Condividiamo l’articolo di Rita Balestriero per la newsletter Genitori equilibristi del Gruppo Gedi con l’intervista a Loredana Cirillo sul significato della paura e sulla difficoltà a entrarvi in contatto.
Alessandro correva con la sua amica. Facevano il giro del ristorante, una vecchia fabbrica di cristalli a Milano nord, tutti i tavoli allestiti fuori come una sagra di paese. C’era la musica e io ero la prima che li aveva esortati a fare un’esplorazione, a correre, a giocare, d’altronde quel posto lo avevamo scelto “così i bambini si divertono”. Poi però non li vedevo da un po’, mi sono alzata, ho sentito il bisogno di fare un controllo. Ho fatto mezzo giro e non li ho trovati, l’ho completato e niente. Apnea. Alla fine erano tornati al tavolo, volevano il gelato.
Era da un po’ che non la provavo quella paura soffocante e, anche se è durata pochissimo e non ho neppure avuto il tempo di agitarmi, mi ha un po’ stordita. In quei pochi secondi ho ripensato a una mamma che una mattina in spiaggia avevo visto urlare disperata perché non trovava il suo bambino, e poi alla storia di Alfredino, che di recente avevo ascoltato nell’intenso podcast che Repubblica dedica al dramma di Vermicino. Non voglio neanche provare a immaginare cosa abbiano passato i suoi genitori, né che cosa hanno pensato questa settimana, in quelle ore di attesa eterna, quelli di Nicola, la cui storia per fortuna ha avuto un finale diverso.
Ma a che cosa serve la paura?
L’ho chiesto alla psicoterapeuta del Minotauro Loredana Cirillo, che chiamo nei momenti di spaesamento, quando per esempio decido all’ultimo secondo di cambiare argomento della newsletter, come oggi.
“Ci sono tipologie di paure diverse. Quelle adattive, per esempio, che ci aiutano a salvaguardare la specie. Anche se poi, di contro, è adattivo anche il desiderio di volerle sfidare, perché ci fa evolvere. E poi ci sono le fobie: chessò, di volare, dei ragni…che di solito hanno dei significati simbolici, ma possono dirci qualcosa di sconosciuto e profondo”.
E tu di che cosa hai paura?
“Di ammalarmi”, mi ha risposto un’amica. “Perché se crollo io, crolla tutto”. “Che gli succeda qualcosa di brutto”, mi hanno detto tante altre. Oppure di “vederli soffrire”, certo. Ma persino che i nostri figli facciano soffrire noi, anche in senso fisico, come mi ha raccontato l’autrice del libro Figli Violenti (Franco Angeli), in un articolo in cui alcuni lettori si sono riconosciuti, altri invece li ha fatti stupire parecchio.

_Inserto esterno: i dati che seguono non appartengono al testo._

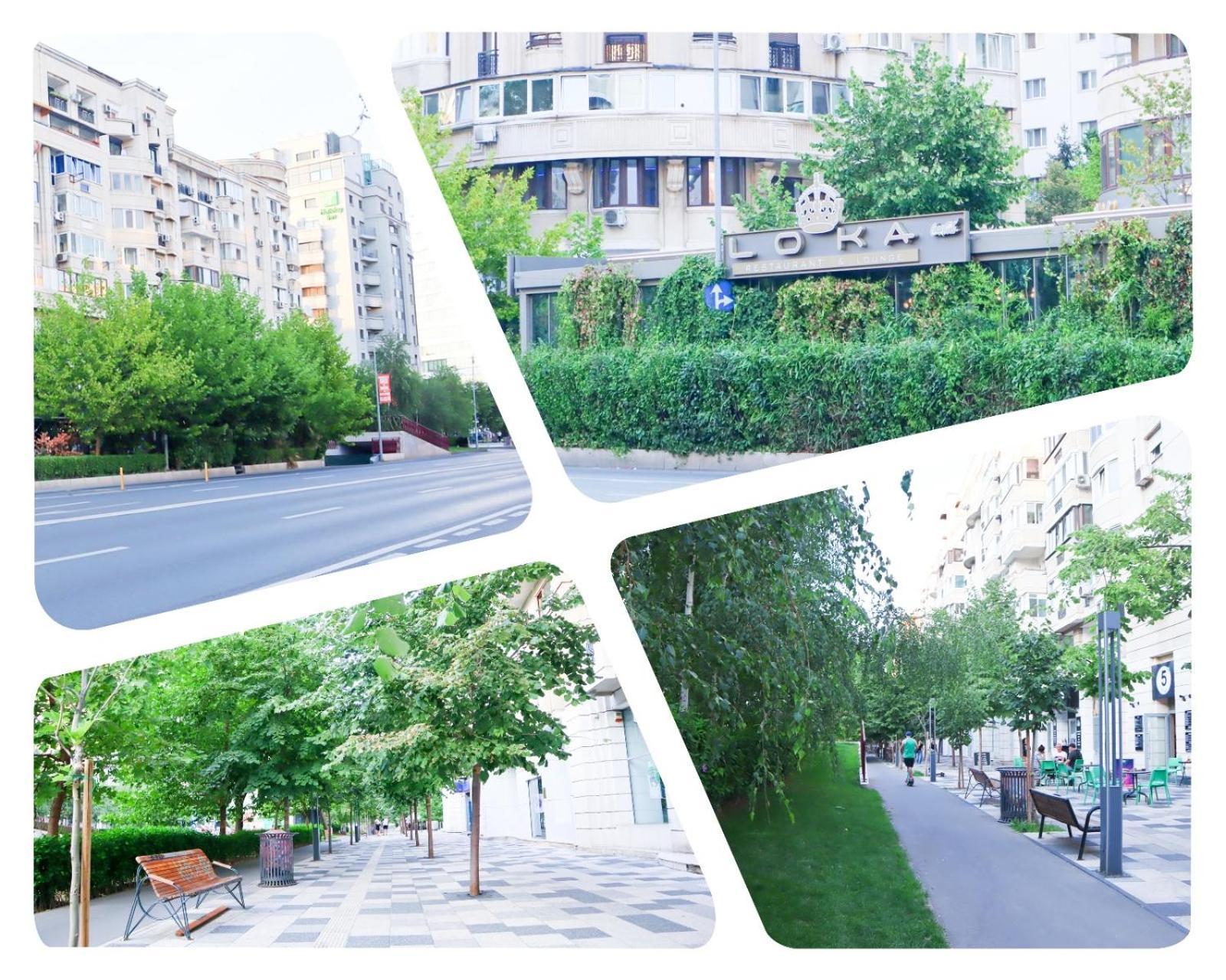 Central Apartament Bulevardul Decebal Βουκουρέστι Εξωτερικό φωτογραφία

Ultimamente io ho sperimentato anche una paura che non mi apparteneva: quella del cambiamento. Mi sono scoperta più fragile, meno reattiva di un tempo. Ti è mai capitato?

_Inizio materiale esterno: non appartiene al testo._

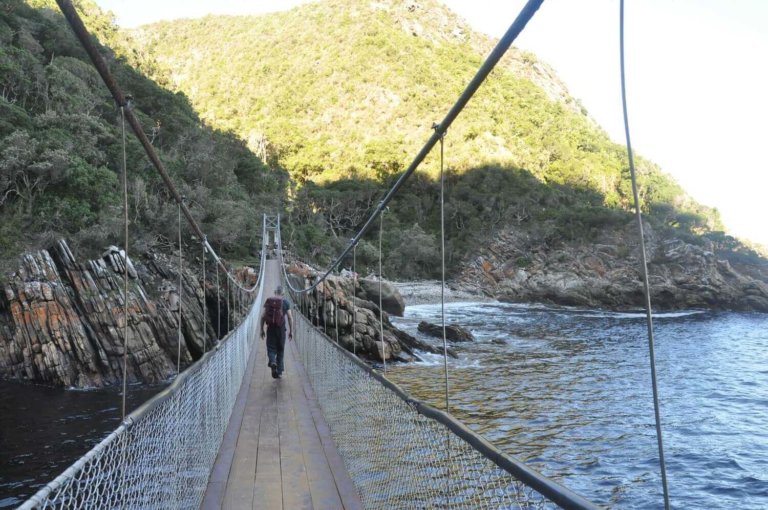 ציציקמה סטורמס ריבר דרום אפריקה גשרים שמורה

“La più classica delle paure genitoriali è legata alla crescita e tutta la sua ambivalenza è racchiusa nella scena del ristorante che mi hai raccontato: da un lato sosteniamo la loro autonomia, ma dall’altra, appena i nostri figli fanno il passo più lungo, ci spaventiamo perché in fondo abbiamo paura che possano fare a meno di noi”. Sbang.
Ma come si fa ad affrontarle le nostre paure?
“Accogliendole, lasciandole parlare: hanno tanto da dirci e da insegnare. Starci dentro ci aiuta a crescere”.
Loredana ci pensa un po’, e poi aggiunge. “Il nemico più grande è la paura di avere paura, perché in questo modo neghiamo il fatto che quello che stiamo provando possa avere un senso. D’altronde viviamo in una società in cui tendiamo a rincorrere la sfida, in cui ci esortano a uscire dalla comfort zone. Così finisce che quando non ci riusciamo, ci scoraggiamo. Mentre spesso sarebbe bastato prendersi del tempo e riflettere per affrontarla nel modo giusto, quella sfida”.
Ho fatto bene a chiamarla, Loredana, che dici?